## RECORDS FOR THE TASK
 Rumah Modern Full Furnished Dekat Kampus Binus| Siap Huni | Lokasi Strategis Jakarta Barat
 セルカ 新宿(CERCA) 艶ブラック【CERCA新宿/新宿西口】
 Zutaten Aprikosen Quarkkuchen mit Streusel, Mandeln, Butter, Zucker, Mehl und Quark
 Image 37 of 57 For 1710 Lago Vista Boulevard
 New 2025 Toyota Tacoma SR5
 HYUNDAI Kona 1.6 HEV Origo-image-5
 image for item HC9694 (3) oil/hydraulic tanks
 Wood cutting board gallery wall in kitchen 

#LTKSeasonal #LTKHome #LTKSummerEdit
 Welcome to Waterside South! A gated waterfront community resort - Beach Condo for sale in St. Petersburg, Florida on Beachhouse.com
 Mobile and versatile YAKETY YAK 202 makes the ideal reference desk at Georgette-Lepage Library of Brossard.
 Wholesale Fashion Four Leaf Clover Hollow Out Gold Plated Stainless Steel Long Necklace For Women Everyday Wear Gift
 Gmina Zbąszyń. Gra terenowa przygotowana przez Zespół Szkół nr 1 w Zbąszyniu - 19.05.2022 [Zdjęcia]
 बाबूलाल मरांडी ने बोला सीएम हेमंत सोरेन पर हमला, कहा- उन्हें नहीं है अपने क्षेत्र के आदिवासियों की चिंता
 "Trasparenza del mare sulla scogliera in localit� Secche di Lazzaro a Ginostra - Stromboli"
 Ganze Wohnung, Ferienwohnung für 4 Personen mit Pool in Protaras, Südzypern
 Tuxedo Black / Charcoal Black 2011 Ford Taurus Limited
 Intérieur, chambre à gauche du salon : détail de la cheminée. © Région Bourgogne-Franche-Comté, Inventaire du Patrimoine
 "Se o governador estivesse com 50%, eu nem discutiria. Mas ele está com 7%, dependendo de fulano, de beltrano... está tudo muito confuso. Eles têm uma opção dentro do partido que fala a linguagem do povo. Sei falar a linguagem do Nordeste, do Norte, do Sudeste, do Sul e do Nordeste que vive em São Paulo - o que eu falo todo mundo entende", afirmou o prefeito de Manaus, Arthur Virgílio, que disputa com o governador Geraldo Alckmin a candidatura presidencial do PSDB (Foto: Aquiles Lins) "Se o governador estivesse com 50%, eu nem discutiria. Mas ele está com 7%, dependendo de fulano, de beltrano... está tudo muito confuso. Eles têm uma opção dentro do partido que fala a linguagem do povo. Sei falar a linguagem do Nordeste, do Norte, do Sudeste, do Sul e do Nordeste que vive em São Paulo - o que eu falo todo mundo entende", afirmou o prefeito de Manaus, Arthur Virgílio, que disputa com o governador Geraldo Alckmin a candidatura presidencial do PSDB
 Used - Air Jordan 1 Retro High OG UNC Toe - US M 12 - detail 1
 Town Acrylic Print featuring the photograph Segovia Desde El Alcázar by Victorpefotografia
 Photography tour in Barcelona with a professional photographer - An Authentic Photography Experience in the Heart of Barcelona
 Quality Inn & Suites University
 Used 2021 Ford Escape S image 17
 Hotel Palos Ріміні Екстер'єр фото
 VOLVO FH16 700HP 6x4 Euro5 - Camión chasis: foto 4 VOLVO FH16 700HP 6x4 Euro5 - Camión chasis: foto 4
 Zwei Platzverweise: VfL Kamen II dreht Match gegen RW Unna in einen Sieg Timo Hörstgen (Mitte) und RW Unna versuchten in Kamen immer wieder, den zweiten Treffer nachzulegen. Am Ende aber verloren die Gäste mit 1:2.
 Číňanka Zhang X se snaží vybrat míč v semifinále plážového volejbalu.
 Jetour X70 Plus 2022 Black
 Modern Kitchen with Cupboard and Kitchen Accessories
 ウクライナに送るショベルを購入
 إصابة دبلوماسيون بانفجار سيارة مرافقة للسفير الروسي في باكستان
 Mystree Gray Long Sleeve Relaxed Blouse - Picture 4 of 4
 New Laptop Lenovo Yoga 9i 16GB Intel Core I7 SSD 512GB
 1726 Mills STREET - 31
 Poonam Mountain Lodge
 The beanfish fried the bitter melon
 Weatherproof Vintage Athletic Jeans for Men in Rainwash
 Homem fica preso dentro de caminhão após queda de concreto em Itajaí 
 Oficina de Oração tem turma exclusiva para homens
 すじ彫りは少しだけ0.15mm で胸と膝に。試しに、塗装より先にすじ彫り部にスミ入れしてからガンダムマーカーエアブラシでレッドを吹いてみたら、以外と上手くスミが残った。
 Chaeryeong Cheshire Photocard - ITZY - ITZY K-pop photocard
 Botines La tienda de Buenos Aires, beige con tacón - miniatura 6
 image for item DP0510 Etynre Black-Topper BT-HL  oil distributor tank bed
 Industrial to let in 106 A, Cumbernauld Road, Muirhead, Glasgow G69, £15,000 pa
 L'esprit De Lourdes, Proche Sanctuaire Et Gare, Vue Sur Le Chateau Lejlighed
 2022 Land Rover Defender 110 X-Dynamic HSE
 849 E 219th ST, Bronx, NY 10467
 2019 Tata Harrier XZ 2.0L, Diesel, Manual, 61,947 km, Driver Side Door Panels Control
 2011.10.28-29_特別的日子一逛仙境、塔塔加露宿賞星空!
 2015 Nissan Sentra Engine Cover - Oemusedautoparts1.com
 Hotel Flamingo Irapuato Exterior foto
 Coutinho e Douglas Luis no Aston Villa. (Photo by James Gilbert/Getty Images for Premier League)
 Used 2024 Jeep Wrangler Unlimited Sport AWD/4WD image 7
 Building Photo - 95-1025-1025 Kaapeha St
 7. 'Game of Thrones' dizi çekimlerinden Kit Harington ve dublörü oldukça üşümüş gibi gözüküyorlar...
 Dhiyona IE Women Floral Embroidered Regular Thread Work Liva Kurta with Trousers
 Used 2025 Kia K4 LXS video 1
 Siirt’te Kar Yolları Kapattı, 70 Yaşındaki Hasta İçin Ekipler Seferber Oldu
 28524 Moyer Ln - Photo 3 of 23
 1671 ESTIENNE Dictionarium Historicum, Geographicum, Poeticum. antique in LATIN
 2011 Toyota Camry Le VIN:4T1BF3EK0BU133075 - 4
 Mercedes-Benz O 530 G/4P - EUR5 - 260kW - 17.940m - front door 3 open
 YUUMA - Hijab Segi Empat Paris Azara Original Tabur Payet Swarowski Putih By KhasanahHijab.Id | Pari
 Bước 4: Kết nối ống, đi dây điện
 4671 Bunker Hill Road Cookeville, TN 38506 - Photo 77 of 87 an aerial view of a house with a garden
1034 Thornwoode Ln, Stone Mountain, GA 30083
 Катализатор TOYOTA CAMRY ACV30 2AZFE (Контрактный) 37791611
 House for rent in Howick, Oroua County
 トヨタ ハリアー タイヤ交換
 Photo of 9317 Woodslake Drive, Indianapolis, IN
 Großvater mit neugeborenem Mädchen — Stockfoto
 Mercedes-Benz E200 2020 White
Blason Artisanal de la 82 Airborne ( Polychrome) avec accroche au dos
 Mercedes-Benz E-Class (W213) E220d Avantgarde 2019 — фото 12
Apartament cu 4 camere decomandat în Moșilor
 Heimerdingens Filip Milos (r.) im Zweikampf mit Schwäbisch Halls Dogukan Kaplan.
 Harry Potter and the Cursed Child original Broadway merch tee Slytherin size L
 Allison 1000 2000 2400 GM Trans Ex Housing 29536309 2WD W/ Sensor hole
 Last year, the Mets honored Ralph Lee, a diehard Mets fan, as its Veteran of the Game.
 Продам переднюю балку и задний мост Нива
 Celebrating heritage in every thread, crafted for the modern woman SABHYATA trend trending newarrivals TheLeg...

## TASK
The expected output is every line of the records in which the string "item" appears.

## WRITTEN ANSWER
 image for item HC9694 (3) oil/hydraulic tanks
 image for item DP0510 Etynre Black-Topper BT-HL  oil distributor tank bed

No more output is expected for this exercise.